For those interested in so-called “third generation” DNA sequencing systems, this week has had some buzz with the release of a publication in Nature Biotechnology reporting the sequencing and analysis of a human genome using a Helicos Heliscope sequencer. In this paper Stephen Quake and colleagues generated short read sequences from Quake’s DNA using this machine and then analyzed them by comparing them to reference human genomes.
Certainly, what they did was cool. And the use of the Helicos equipment is a good thing for that company and it’s development of single molecule sequencing. And given the “race” if you want to call it that for the $1000 genome, it is thus not surprising that this paper received a lot of coverage from all sorts of angles because they claim it involved the cheapest sequencing of a human genome yet achieved.
So first I want to commend Quake and Helicos for an important step in third generation sequencing. Quake mind you is one guy who is constantly inventing cool new techniques of great use in genomics and biology and he is always worth checking out.
But in this case, there are some aspects of what they claim they achieved here that are very off putting. In particular, I am concerned with the supposed “democratization of sequencing” that they think this project embodies (e.g., see some of the quotes in this). The basis for their concluding that democratization has happened here is that they believe this sequencing (of Quake’s genome) was done at lower cost and with less effort than previous human genome sequencing efforts. To back this up they make a table (Supplemental Table 1) detailing estimates of these values for 8 human genome papers (the original Lander et al and Venter et al ones, as well as Watson’s genome, etc) that is meant to represent some of this information).
In essence Quake et al are doing the following math (my formula, not theirs, but their discussions imply basically this)
D = B/(E*C)
Democratization factor (D) = # of bases sequenced (B) / (amount of effort (E) * cost (C))
That is, with more sequence, less effort, or less cost, the more democratized sequencing is. Sounds fine in some ways. Except when you look at the details.
For example consider the cost (C) of the sequencing. They report that the cost for the sequencing was < $50,000. But this number is misleading since, for example, they do not include any aspect of the cost of actually buying and setting up the machine. For more detail on the flaws in the cost calculation and for more detail on the whole story see Times Online and Dan Macarthur at Genetic Future and GenomeWeb).
However, more disconcerting to me is what they do with the rest of the implied calculation.

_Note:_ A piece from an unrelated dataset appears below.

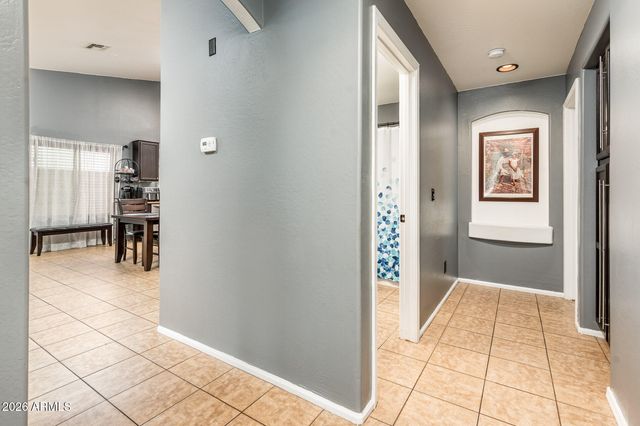 5045 W NANCY Lane, Laveen, AZ 85339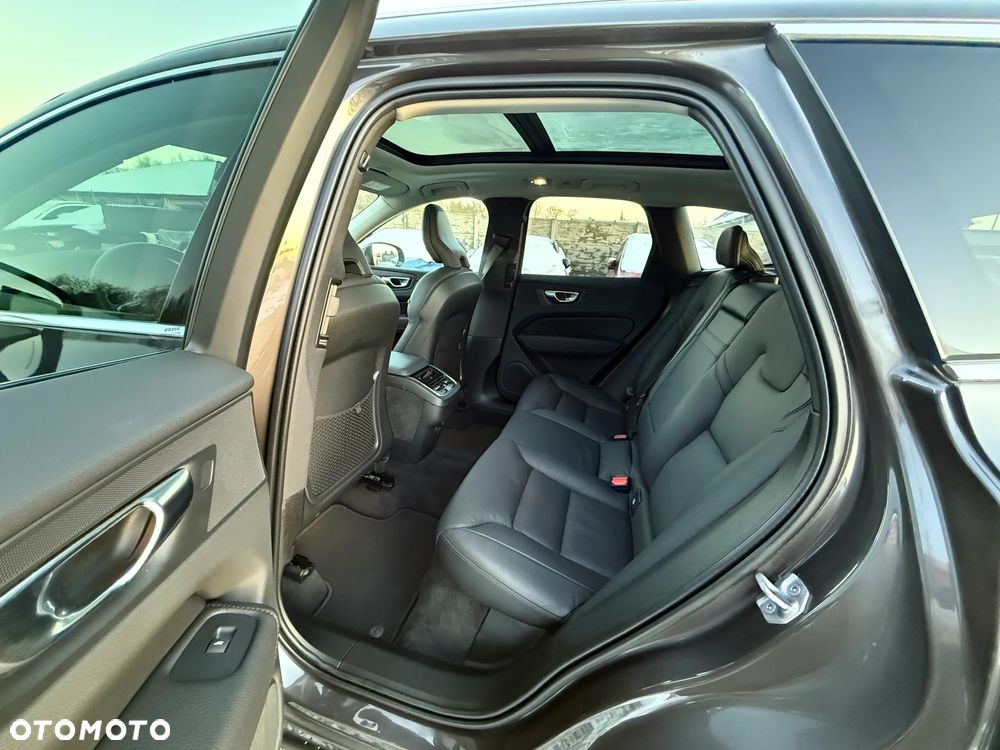 Volvo XC 60 B4 D AWD Geartronic Inscription - 30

For example, they treat all the projects in essence as though they are equal in terms of total number of bases sequenced (B) because I guess after all, all were sequencing human genomes. But this is not fair since the depth of sequencing and the quality of sequencing varies between the projects and more recent projects, such as theirs, make use of the data from prior projects, which allows them to gather less data (e.g., in their paper here they assemble the genome by tiling the reads against reference genomes, thus allowing them to do lower coverage than would be required for denovo assemblies of genomes).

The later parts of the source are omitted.